2006 novel by James Chapman

Stet, by James Chapman
(Cover painting by Michael Hafftka)

Stet is a novel by the American author James Chapman, published by Fugue State Press in 2006.

==Plot summary==
Stet tells the life story of a visionary Soviet filmmaker named Stet who lives through Stalin's repressions, manages to direct his first feature film, but ends up in a prison camp for various offenses against the bureaucracy.

The novel is narrated in a "Russian" voice, by an ostensible third-person narrator who is nevertheless full of opinions and bitter aphorisms. Despite his third-person status, the narrator seems to be a major character in the book.

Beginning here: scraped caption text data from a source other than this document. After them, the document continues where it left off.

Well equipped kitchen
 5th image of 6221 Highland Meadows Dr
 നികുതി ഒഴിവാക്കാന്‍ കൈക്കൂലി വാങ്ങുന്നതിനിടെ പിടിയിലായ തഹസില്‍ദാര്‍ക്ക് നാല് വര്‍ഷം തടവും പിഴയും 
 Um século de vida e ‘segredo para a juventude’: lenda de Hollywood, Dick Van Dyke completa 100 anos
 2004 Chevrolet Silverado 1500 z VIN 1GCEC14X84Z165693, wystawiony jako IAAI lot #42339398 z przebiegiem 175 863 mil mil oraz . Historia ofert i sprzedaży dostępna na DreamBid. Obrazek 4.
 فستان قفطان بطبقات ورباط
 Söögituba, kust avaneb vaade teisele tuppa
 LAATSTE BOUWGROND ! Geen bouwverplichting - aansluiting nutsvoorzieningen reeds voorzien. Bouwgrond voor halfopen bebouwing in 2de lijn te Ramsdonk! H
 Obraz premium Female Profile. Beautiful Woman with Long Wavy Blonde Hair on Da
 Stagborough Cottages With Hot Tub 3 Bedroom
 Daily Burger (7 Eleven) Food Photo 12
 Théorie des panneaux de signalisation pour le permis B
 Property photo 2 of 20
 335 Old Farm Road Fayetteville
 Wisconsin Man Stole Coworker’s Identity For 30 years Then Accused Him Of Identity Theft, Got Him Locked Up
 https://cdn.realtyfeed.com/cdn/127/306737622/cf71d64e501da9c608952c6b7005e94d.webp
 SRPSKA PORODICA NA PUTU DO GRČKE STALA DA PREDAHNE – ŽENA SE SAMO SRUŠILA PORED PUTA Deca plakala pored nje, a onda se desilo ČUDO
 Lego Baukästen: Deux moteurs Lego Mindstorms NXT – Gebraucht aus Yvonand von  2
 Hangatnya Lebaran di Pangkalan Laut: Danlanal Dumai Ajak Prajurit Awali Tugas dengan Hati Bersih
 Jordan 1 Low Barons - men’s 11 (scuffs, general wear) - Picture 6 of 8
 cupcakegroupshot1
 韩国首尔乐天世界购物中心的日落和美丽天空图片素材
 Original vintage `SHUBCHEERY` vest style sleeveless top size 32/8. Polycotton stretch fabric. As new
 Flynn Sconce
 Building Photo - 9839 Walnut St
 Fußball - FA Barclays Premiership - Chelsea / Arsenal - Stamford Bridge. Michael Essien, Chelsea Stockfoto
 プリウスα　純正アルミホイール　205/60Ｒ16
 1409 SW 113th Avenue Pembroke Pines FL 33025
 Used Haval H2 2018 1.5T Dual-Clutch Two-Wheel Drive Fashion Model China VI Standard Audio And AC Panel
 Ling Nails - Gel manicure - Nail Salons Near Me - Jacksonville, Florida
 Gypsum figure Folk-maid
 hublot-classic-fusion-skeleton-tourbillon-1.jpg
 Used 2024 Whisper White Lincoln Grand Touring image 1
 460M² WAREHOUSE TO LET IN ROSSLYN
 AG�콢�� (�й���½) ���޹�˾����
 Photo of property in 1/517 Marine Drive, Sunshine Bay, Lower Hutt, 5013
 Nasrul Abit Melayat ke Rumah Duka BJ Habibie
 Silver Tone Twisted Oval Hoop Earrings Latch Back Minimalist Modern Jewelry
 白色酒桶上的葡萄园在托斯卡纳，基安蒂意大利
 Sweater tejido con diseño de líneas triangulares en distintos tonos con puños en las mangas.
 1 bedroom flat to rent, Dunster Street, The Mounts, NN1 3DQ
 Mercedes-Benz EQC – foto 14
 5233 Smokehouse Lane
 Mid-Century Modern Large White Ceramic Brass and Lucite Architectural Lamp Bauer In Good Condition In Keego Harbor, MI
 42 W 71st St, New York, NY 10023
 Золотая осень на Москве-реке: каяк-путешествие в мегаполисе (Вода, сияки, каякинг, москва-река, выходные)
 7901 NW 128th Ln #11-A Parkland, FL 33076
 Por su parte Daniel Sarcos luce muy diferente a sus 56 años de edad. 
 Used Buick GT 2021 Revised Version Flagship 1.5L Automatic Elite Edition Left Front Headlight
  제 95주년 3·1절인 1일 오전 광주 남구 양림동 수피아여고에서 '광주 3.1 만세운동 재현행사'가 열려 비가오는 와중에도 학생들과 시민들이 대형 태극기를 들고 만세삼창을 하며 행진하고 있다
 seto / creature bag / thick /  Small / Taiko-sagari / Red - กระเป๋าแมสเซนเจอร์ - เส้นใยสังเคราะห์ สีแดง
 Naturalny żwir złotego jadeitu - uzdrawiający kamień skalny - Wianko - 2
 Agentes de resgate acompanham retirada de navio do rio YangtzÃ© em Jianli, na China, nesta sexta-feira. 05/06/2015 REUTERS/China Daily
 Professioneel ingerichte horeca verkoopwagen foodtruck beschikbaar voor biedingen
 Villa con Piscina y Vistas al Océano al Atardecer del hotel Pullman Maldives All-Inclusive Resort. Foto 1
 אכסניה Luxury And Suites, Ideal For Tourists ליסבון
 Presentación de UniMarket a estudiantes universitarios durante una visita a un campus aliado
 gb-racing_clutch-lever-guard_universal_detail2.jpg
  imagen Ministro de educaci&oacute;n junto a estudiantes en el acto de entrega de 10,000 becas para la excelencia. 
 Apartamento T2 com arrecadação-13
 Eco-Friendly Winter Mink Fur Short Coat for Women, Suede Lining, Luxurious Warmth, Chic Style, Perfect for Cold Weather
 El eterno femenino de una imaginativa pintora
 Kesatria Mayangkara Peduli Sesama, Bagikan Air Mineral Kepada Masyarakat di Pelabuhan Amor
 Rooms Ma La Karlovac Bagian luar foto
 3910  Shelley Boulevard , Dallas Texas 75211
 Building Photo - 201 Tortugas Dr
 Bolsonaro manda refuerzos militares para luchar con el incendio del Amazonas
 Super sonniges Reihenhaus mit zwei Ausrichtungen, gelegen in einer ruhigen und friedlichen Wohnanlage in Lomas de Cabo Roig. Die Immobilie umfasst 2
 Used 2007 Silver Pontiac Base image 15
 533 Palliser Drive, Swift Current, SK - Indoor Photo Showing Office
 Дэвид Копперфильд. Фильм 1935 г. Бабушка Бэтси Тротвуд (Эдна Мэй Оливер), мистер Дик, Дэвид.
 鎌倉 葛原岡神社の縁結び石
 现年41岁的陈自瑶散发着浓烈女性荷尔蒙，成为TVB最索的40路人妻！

The tone of the book is black humor, and often entirely pessimistic, as it delineates the difficulties of living as an artist who does not accept or worry about the judgments of his surrounding world. Yet the character of the filmmaker Stet, to whom aesthetic ecstasy remains available throughout his trials, seems to give the reader an alternative to the pessimism of the narrator.

==Themes==
- Stet is a proofreader's mark which means "let it stand," i.e. "ignore this correction." In the context of the novel, the character's name seems to be a plea that the world cease to "correct" him, and allow him his way along his incorrect path.
- The filmmaker depicted here sometimes bears a strong resemblance to Sergei Parajanov, a Soviet-era filmmaker who was repeatedly imprisoned for his work.